# Available data
>>>
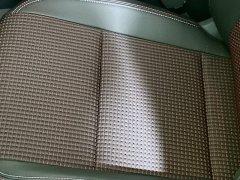 New 2026  Nissan Kicks SR AWD at Dutro Auto near Zanesville&comma; OH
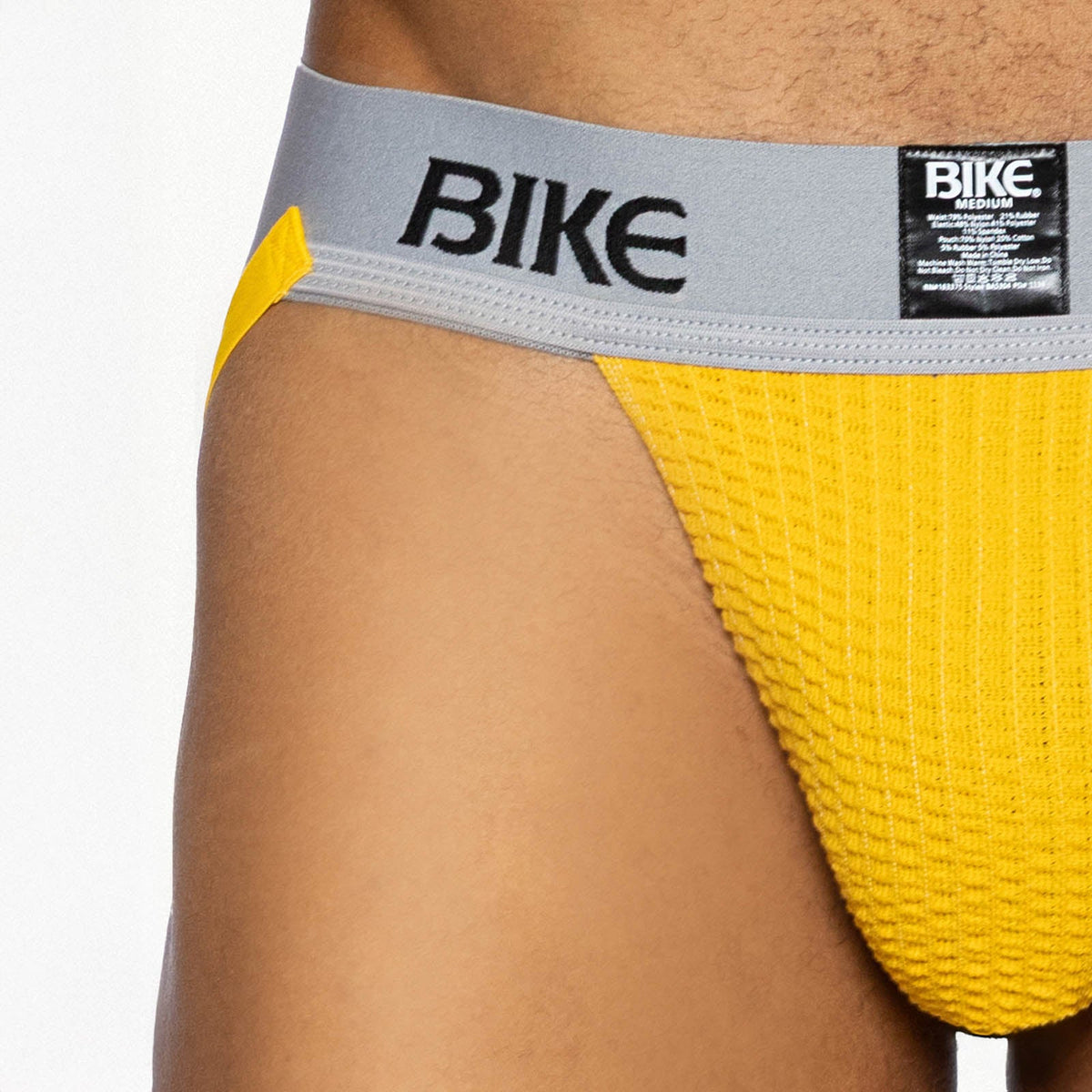 Classic Jockstrap
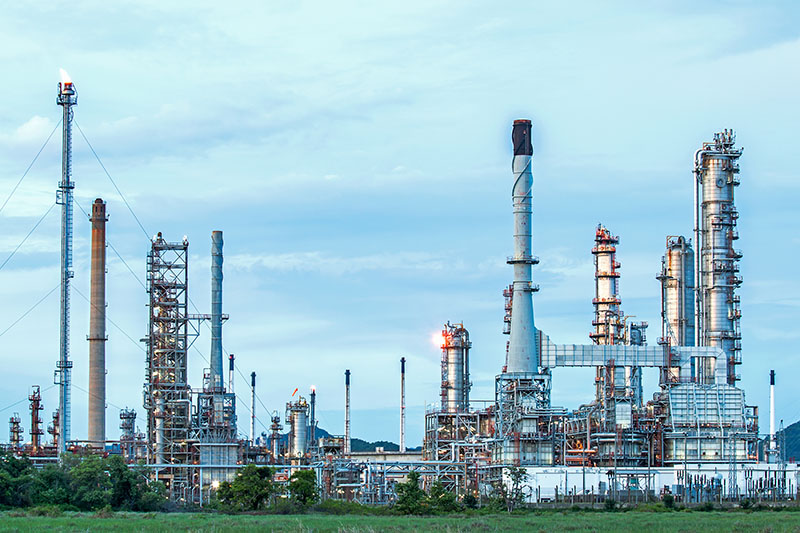 廣東省內(nèi)新增1例本土病例，反光漆廠家安全防護(hù)不可放松！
<<<
# Exercise description
Your job is to reproduce the material exactly. Keep pictures out of it.

# Expected answer
 New 2026  Nissan Kicks SR AWD at Dutro Auto near Zanesville&comma; OH
 Classic Jockstrap
 廣東省內(nèi)新增1例本土病例，反光漆廠家安全防護(hù)不可放松！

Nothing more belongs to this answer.